Brian pulled out the flyer he’d taken from the supermarket. “And what’s up with this?” he asked. He read from the flyer: “ ‘Sweet feet coming soon!!!!!’ ”
“Maybe feet means sneakers,” Nate suggested. “A lot of sneakers have been showing up around here!”
“You’re right, Nate,” Bradley said. “I wonder if there’s a pattern to where the little sneakers have been found. That man on Owl Road found one on his porch. And his friend on Pheasant Lane found one.”
“And Bobby A
rnold, who lives on Blue Jay Way, got one,” Nate said.
“Zack lives on Wren Drive,” Brian said. “He found a little sneaker, too.”
“And Mr. Vooray did,” Lucy added. “Where does he live?”
“On Eagle Lane,” Brian said. “Not too far from our house.”
Bradley jumped up. “All those places are pretty near Thrush Court,” he said. “Where Ms. Tery lives with her son, Hunter. And Hunter owns green-and-orange sneakers, too!”
“Sneakers that Pal thinks smell like Goldi!” Lucy said.
Bradley grinned. “I think we need to go visit Ms. Tery,” he said.
The kids trekked up Bridge Lane. Pal tugged on his leash, as if he knew exactly where he was going. They stopped in front of the little yellow house on Thrush Court, then walked up the driveway to the garage. The basketball was lying under the hoop. Pal began whimpering and tugging Bradley toward the garage.
Suddenly they heard laughter from inside the garage. Pal began barking and yanked the leash from Bradley’s hand. He raced to the garage, barking like crazy.
“Pal, stop!” Bradley yelled. He grabbed the leash and pulled his dog away from the door.
Two things happened at once: A skinny, barefooted teenager opened the garage door. And Ms. Tery came running out of the house. Anyone could tell she was the teenager’s mother. Both were tall with big feet and red hair.
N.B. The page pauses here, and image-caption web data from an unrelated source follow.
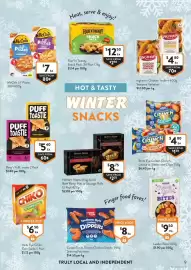 Foodworks catalogue week 28 Page 9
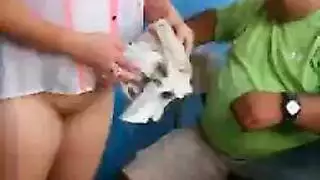 شيمل تعذب رجال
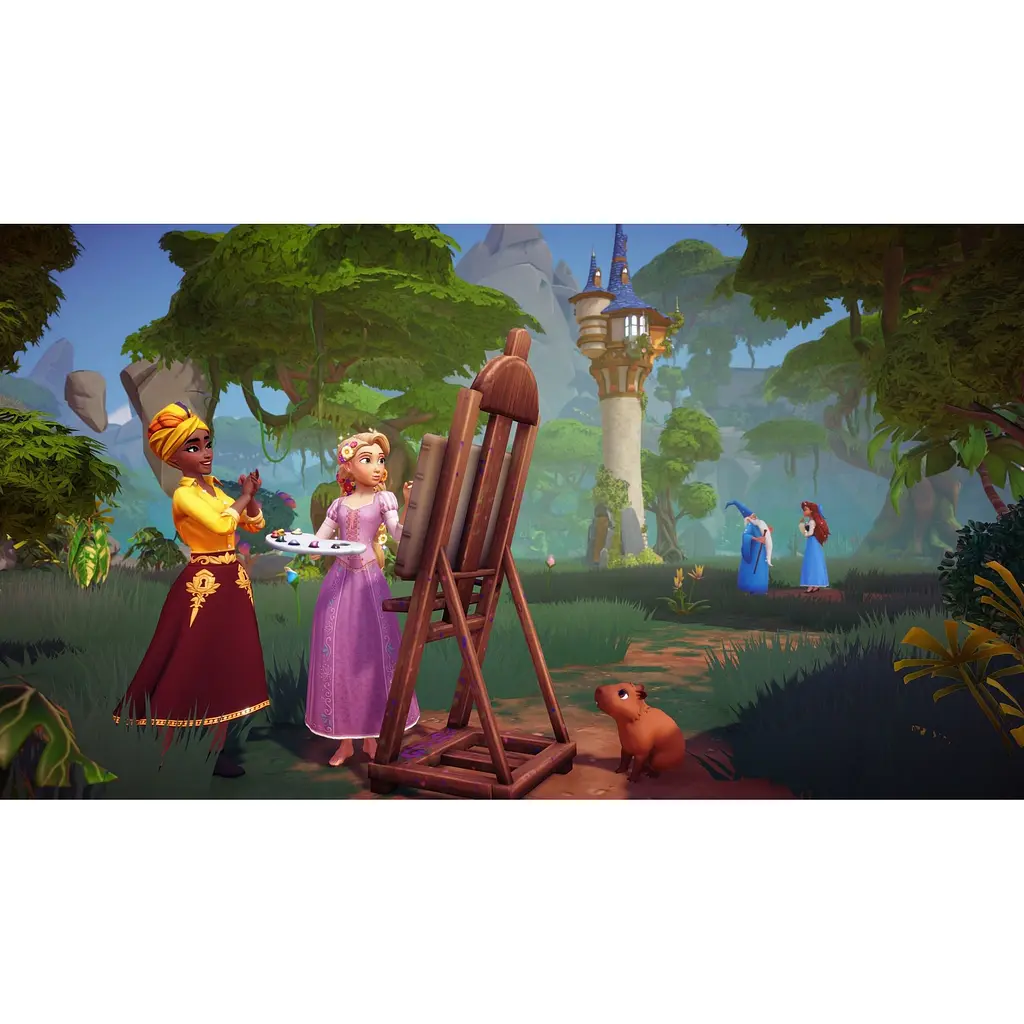 Ключ активації Microsoft Disney Dreamlight Valley - Gold Edition для Xbox One/Series S/X - фото 11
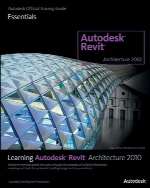 اتودسک رویتAutodesk Revit Architecture 2010 Win64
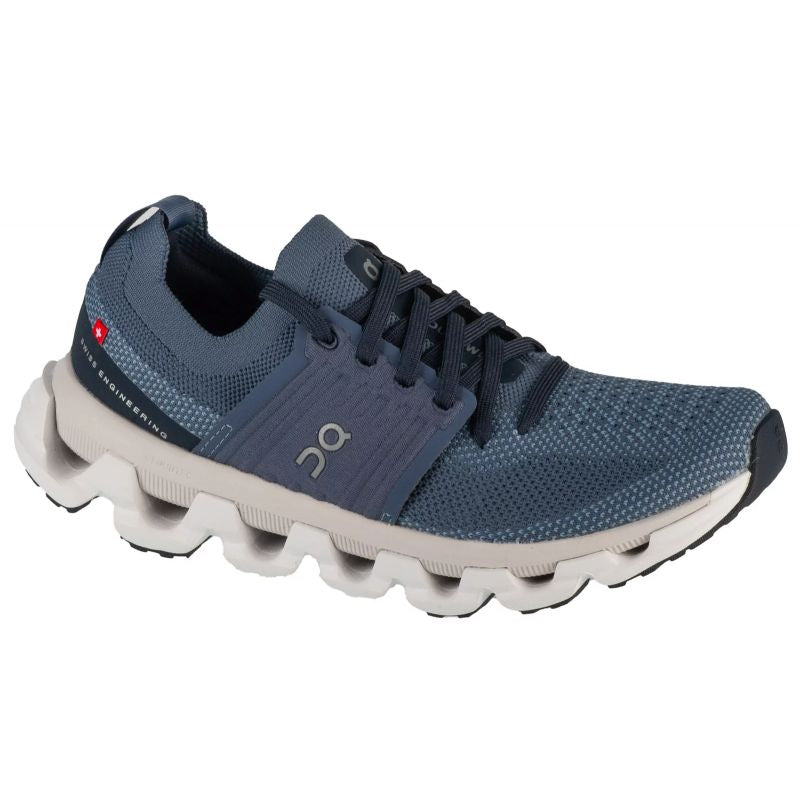 On Running On Cloudswift 3 W Running Shoes női 3WD10451199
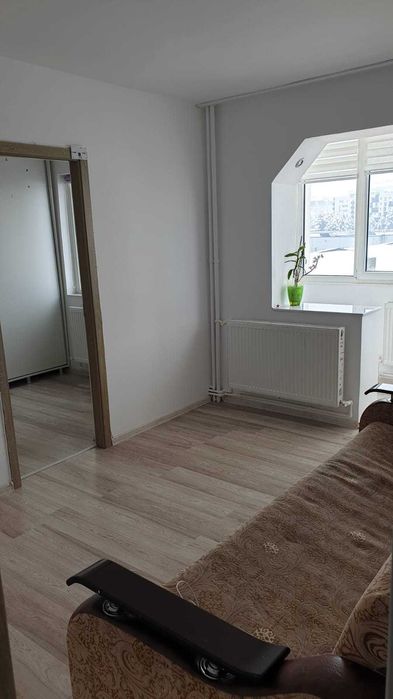 Apartament Universitate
The teenager stepped out onto the driveway. He shut the garage door behind him. Bradley noticed a sign on the door. It said DANGER—SPIDERS INSIDE. NO MOMS ALLOWED!
“Well, hello there,” Ms. Tery said to Bradley, Brian, Nate, and Lucy. “What brings you to my humble home?”
“Hi, Ms. Tery,” Bradley said. “We came to talk to your son.”
“I don’t even know these kids, Mom,” the tall boy said.
Nate held up the sneakers. “Do you know these?” he asked.
Hunter Tery blushed as red as his hair.
“Those look just like mine!” Ms. Tery said. “Are they yours, Hunter?”
“Yeah, they’re mine,” Hunter said. He took the sneakers and slipped them onto his feet.